Category Archives: Muppets

Movin’ Right Along with Tough Pigs

As always, it’s a blast to hang out with the folks at Tough Pigs, and I’m always genuinely delighted when they ask me do A Thing with them. This time, I’m lending a hand talking with Anthony and Ryan about two of the saddest minutes from The Muppet Christmas Carol, minutes 71 and 72, as the Cratchits mourn the loss of Tiny Tim. We’ll talk about Miss Piggy’s acting abilities, debate why Scrooge can’t or won’t enter the Cratchit home, and try to figure out IF TINY TIM IS REALLY DEAD.

Click here to have a listen.

Talking Muppets with the Great Gonzo

Well, not quite; I actually had the privilege of appearing with legendary Muppet performer Dave Goelz as we talked on San Francisco NPR with Heidi Rabben, curator at the Contemporary Jewish Museum, which is hosting the Jim Henson: Imagination Unlimited touring exhibit. Stick around for the entire conversation, and you’ll hear Dave Goelz absolutely make a young Muppet fan’s year.

You can hear our discussion in its entirety here. It runs about 51 minutes.

Happy Birthday Kermit! (And Sam! And Lisa!)

May 9 is the birthday of Kermit the Frog — a date that was chosen mainly because it was the date that Sam & Friends debuted on WRC-TV in Washington, DC (Kermit, was there, though he wasn’t yet a frog, and was relegated mostly to supporting cast member). So, happy 65th to Sam and Friends–and to Kermit.

But in the happiest of coincidences, May 9 is also the actual birthday of Jim Henson’s oldest child, Lisa Henson, who turns 60 today. So the happiest of birthdays to Lisa as well.

In Search of the Muppets

Why isn’t there more Muppet stuff on the new Disney+? Where is The Muppet Show? What about The Muppets at Walt Disney World? Is it the cost of music clearances? A lack of interest from the top? I talked about it with Drew Taylor from Vanity Fair, and our answer is . . . uh, we don’t really know.

But join us as we speculate all about it anyway! Just click right here.

Remembering Caroll Spinney

Caroll Spinney (1933-2019)

I wanted to take a moment to celebrate the life and work of the legendary Muppet performer Caroll Spinney, who passed away Sunday at age 85. Best known for performing Big Bird and Oscar the Grouch — roles he performed for five decades — I thought it might be fun for readers to know a little bit about the circumstances that brought Big Bird, Oscar, and Caroll Spinney himself to Sesame Street.
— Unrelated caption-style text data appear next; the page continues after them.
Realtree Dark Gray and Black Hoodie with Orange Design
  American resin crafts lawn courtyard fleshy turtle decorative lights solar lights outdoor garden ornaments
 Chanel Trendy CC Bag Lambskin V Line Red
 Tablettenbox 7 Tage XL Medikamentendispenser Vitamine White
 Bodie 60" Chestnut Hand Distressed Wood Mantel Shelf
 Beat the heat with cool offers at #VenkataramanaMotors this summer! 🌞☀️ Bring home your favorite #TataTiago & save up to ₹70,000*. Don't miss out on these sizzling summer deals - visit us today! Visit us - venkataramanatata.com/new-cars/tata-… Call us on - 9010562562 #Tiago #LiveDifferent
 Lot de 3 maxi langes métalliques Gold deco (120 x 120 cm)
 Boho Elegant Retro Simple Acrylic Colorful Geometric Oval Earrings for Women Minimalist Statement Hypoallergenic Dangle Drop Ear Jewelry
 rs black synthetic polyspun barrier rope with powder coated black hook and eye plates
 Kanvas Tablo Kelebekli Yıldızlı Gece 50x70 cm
In July 1968, Jim Henson was brought into the creative meetings that spawned the Children’s Television Workshop organization and the show Sesame Street. Jim was pivotal to the development of the series — co-creator Jon Stone advised his fellow CTW members that if they couldn’t get Jim Henson to perform puppets on Sesame Street, then there was no use having puppets on Sesame Street at all — and Jim immediately delivered, creating iconic Muppet characters like Ernie and Bert. Here’s Jim and Frank Oz working with an early version of Bert in a mirror:

As originally envisioned by its team of educators and child experts, Sesame Street was to move from Muppet segments over to “human only” segments, then back to Muppets, with no crossover–that is, while there were Muppets and human beings featured on Sesame Street, never the twain shall meet. The rationale was that preschoolers couldn’t differentiate between fantasy and reality–that blending the fantasy world of the Muppets with Real People would be confusing.

That was all well and good on paper — but there was a problem.

In the first test versions of the show, “people on the street couldn’t compete with the puppets,” said Jon Stone. “We had children watching these shows, and their attention span just went way down when we cut to the street.”

Here’s Stone with Jim Henson and an early version of Ernie:

The solution, then, was obvious. Muppets were needed on the street.

Jim’s original design for Big Bird.

Jim Henson thought about it, and decided they needed “a character that the child could live through . . . we wanted to make this great big silly awkward creature that would make the same kind of dumb mistakes that kids make.” Big Bird, then — all seven feet of him — would represent the perspective of the children in the audience.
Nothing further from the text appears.